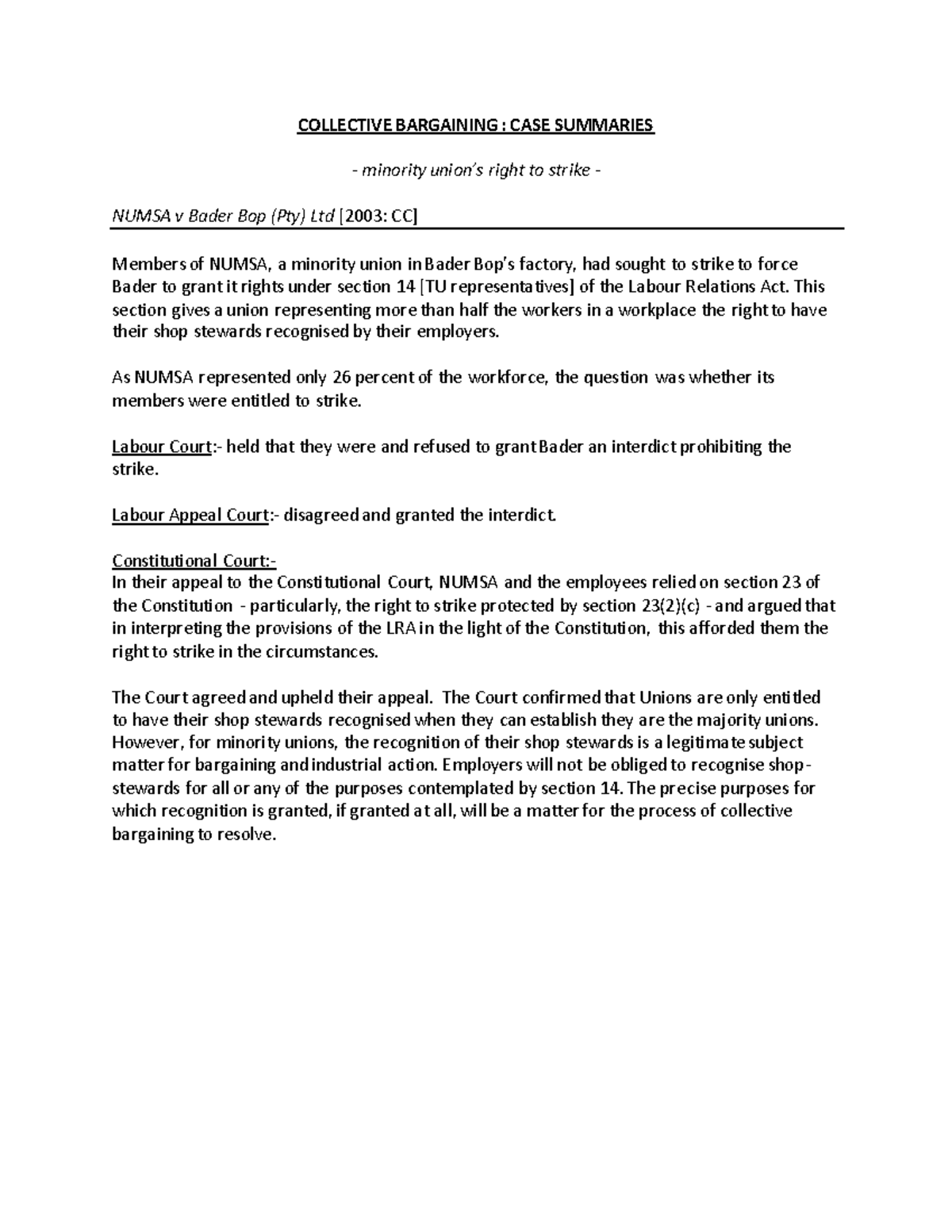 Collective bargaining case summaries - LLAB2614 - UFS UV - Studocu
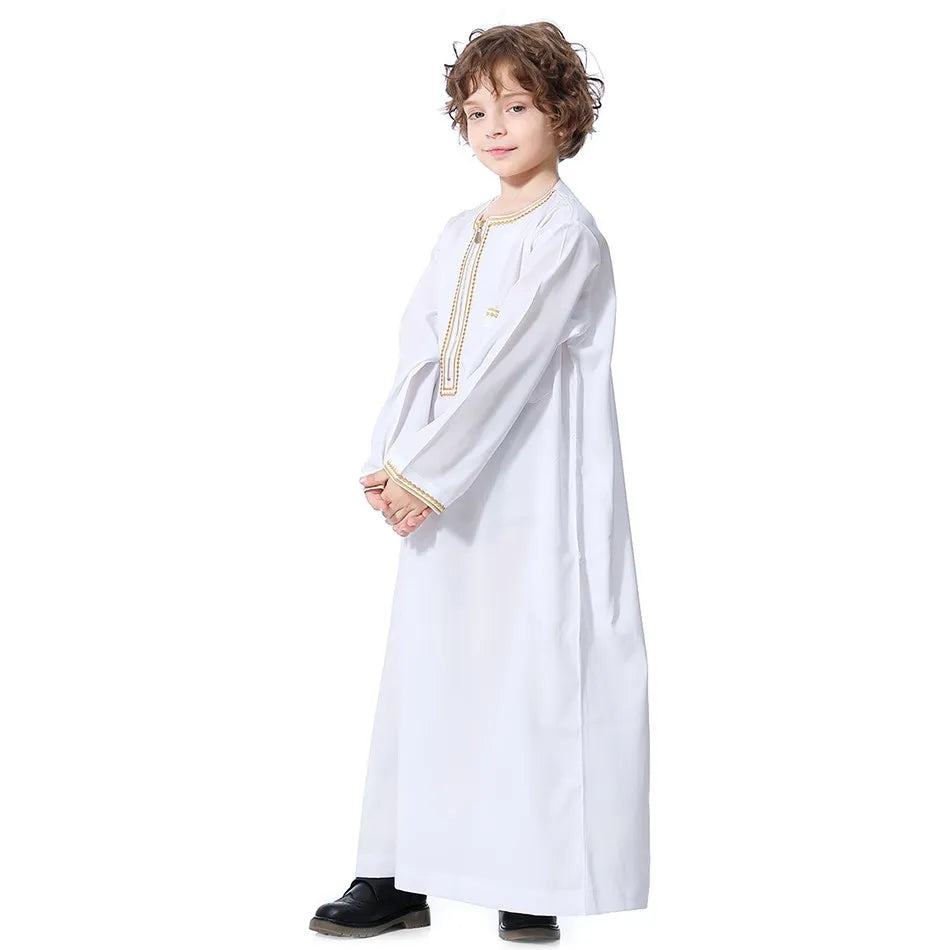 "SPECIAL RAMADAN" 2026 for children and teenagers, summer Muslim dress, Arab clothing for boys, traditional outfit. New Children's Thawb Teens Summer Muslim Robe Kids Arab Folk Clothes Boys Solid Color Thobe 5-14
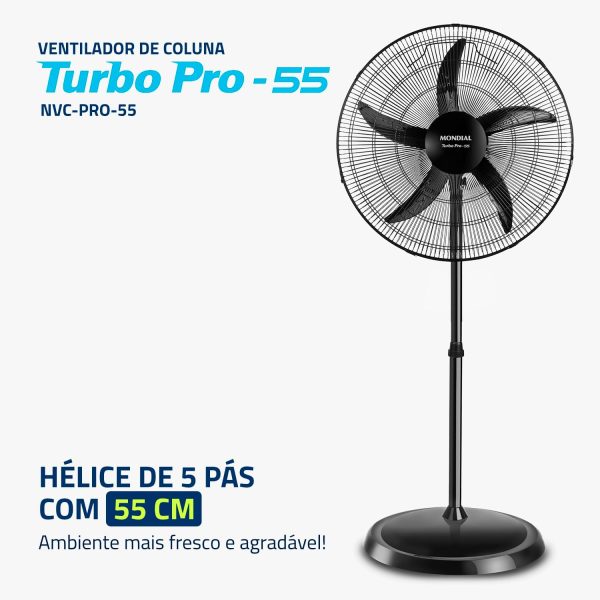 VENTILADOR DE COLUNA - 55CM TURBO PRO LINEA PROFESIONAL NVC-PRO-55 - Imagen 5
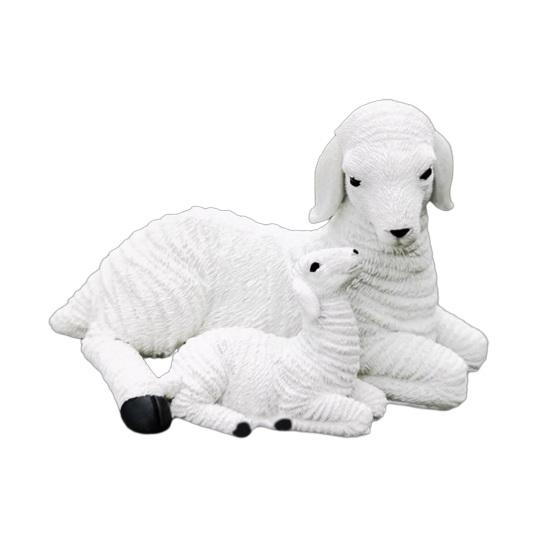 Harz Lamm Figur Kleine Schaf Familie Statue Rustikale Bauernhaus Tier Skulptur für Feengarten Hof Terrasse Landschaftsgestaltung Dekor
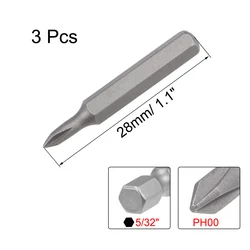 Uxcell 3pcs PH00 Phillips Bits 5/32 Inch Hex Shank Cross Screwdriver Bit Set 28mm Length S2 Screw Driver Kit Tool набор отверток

▬▬▬▬▬▬

YOUR GOAL: Without any of its images, the data above should be returned exactly.

FINISHED TASK:
 Collective bargaining case summaries - LLAB2614 - UFS UV - Studocu
 "SPECIAL RAMADAN" 2026 for children and teenagers, summer Muslim dress, Arab clothing for boys, traditional outfit. New Children's Thawb Teens Summer Muslim Robe Kids Arab Folk Clothes Boys Solid Color Thobe 5-14
 VENTILADOR DE COLUNA - 55CM TURBO PRO LINEA PROFESIONAL NVC-PRO-55 - Imagen 5
 Harz Lamm Figur Kleine Schaf Familie Statue Rustikale Bauernhaus Tier Skulptur für Feengarten Hof Terrasse Landschaftsgestaltung Dekor
 Uxcell 3pcs PH00 Phillips Bits 5/32 Inch Hex Shank Cross Screwdriver Bit Set 28mm Length S2 Screw Driver Kit Tool набор отверток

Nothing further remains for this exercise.